Norwegian media group

Edda Media was a Norwegian media group that owned a number of Norwegian newspapers, television channels, radio channels and websites. The company was part of the Mecom Group and was the remaining domestic part of Orkla Media. In 2006 the newspapers in the Edda Group had 1,250,000 daily readers, a circulation of 257,128 and 800,000 unique web users. The corporation had 1,801 employees and head office in Oslo.

Among the newspapers owned are Drammens Tidende, Fjordenes Tidende, Fjuken, Fredriksstad Blad, Gjengangeren, Haugesunds Avis, Indre Østfold Avis, Kanalen, Kragerø Blad, Lierposten, Laagendalsposten, Nordstrands Blad, Moss Avis, Romsdals Budstikke, Røyken og Hurums Avis, Sande Avis, Sandefjords Blad, Sarpsborgavisa, Sunnmørsposten, Svelviksposten, Telen, Tønsbergs Blad, Ullern Avis Akersposten, Varden, Vikebladet Vestposten, Vigga and Åndalsnes Avis. The company owns Lokalavisene Oslo and also has partial ownership of Budstikka (31.5%), Gudbrandsdølen Dagningen, (24%), Hamar Dagblad (66.9%), Ringsaker Blad (66.9%), Østlandets Blad (79.9%) and Østlendingen (66.9%). Among the television channels are TV Buskerud and TV Vestfold.
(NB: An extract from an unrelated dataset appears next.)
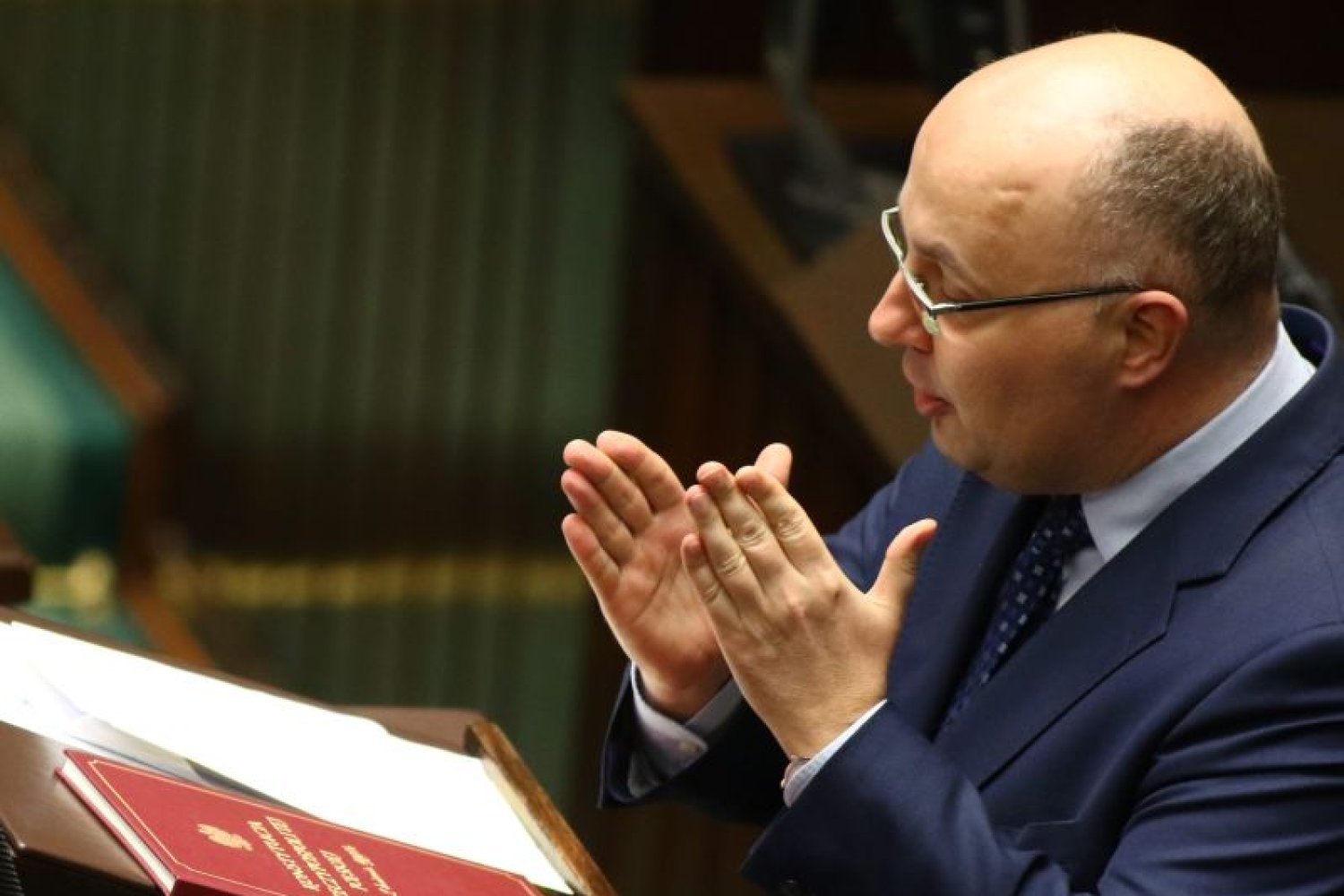 Poseł PO Robert Kropiwnicki zemdlał podczas wygłaszania przemówienia, które stanowiło część debaty nad wotum nieufności wobec szefa MSWiA Mariusza Kamińskiego.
The websites are organized under Edda Digital and consist of 27 online newspapers as dt.no (Drammens Tidende), sb.no (Sandefjords Blad), tb.no (Tønsbergs Blad) and ostlendingen.no (Østlendingen), and commercial services as tinde.no, toppfotballkort.no and opoint.no,

==History==
Edda Media dates back to 1983 when the Orkla Group entered the mass media market through the company Orkla Communications, later Orkla Media. The company acquired through the 1980s and 1990s a number of smaller, independent newspapers and local television channels throughout the country, and quickly became one of the big three within the newspaper market in Norway, along with Schibsted and A-Pressen. In 2005 Orkla announced it would leave the media market, and sold its shares in Adresseavisen and Bergens Tidende. The remaining stakes, were sold to Mecom Media, and the company split into three holding companies: Edda Media, Berlingske Officin and Rzeczpospolita. Edda Media retained the Norwegian portfolio of media. Edda media was sold in 2012 to Amedia.